The Internet of Things will look a lot like the smartphone market, says CEO Steve Mollenkopf.

Asa Mathat

While Intel, Microsoft and BlackBerry are all aiming to seize on the “Internet of Things” after largely missing out on mobile, the winners in the phone market have no intention of missing out on the next big thing.

“I think a lot of it will borrow the smartphone technology almost directly,” Qualcomm CEO Steve Mollenkopf said in an interview shortly after his appearance onstage at the Code Conference.

And Mollenkopf said the things that made Qualcomm strong in phones — top-notch modem technology, power management and experience with all the major operating systems — will serve it well.

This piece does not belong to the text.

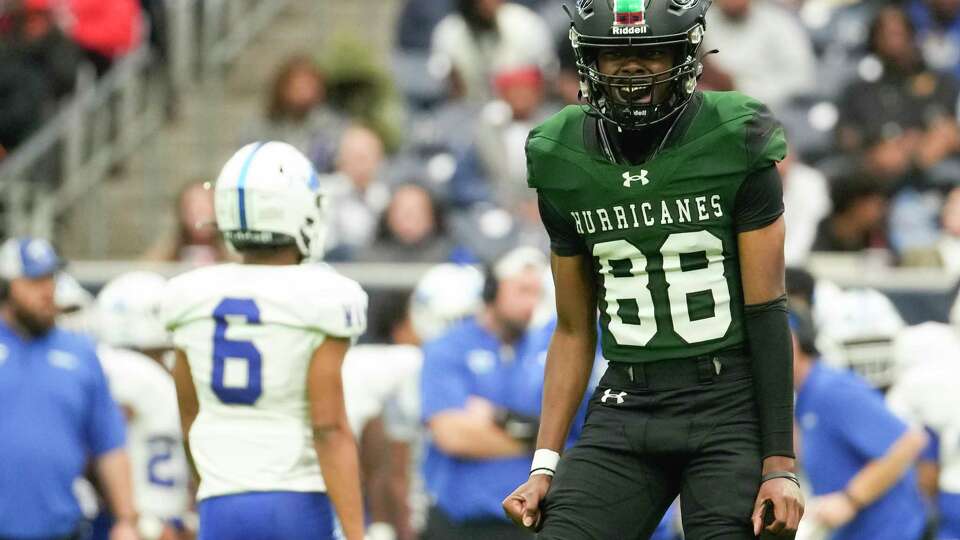 Hightower kicker Alex Agwunobi (88) reacts after hitting a 33-yard field goal during the second half of a Region III-6A Division 1 semifinal high school football playoff game at NRG Stadium, Friday, Nov. 24, 2023, in Houston.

“I think it is going to be difficult to come at it without a strong position in the phone, but people will try,” he said. Intel, for example, has made a big bet on small devices, creating its Quark line of chips as well as various other wearable projects, including a “smart shirt.”

Qualcomm dipped its toe into making its own wearable device with last year’s Toq smartwatch. But Mollenkopf said the purpose was to show off its Mirasol screen technology and other homegrown components that might be well suited for wearables.

“We learned a lot of things,” Mollenkopf said. Nonetheless, don’t expect a Toq 2.

“We’re not well outfitted to really go into the end-consumer play,” he said. “We experiment every once in a while, in some cases just to convince people that they should do it. We’re an enabler more than anything else.”

It’s not clear, though, that Qualcomm has managed to convince anyone to adopt Mirasol, which offers some of the benefits of E-Ink while also being able to display colors and video. “There’s certainly an opportunity there,” Mollenkopf said.

Mollenkopf said he is keeping an eye on whether continued investment in Mirasol makes sense.

“It is going slower than what we originally thought,” he said. “But it is an area we are evaluating. We are always looking at projects as to whether they still have legs going forward.”